EXERCISE => Among the entries below, one stretch runs from the line that contains "Nisha Mavani - Model" through the line that contains "immobilier Québec Condo". Repeat that stretch exactly, ends included, and only that.

RECORDS FOR THIS TASK =>
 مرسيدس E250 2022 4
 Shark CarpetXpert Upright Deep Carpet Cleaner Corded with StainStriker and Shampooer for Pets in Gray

==

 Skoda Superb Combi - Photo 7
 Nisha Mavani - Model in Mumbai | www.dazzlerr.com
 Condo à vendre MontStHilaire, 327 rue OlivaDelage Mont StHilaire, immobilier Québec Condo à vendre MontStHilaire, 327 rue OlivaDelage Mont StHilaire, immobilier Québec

YOUR RESPONSE =>
 Nisha Mavani - Model in Mumbai | www.dazzlerr.com
 Condo à vendre MontStHilaire, 327 rue OlivaDelage Mont StHilaire, immobilier Québec Condo à vendre MontStHilaire, 327 rue OlivaDelage Mont StHilaire, immobilier Québec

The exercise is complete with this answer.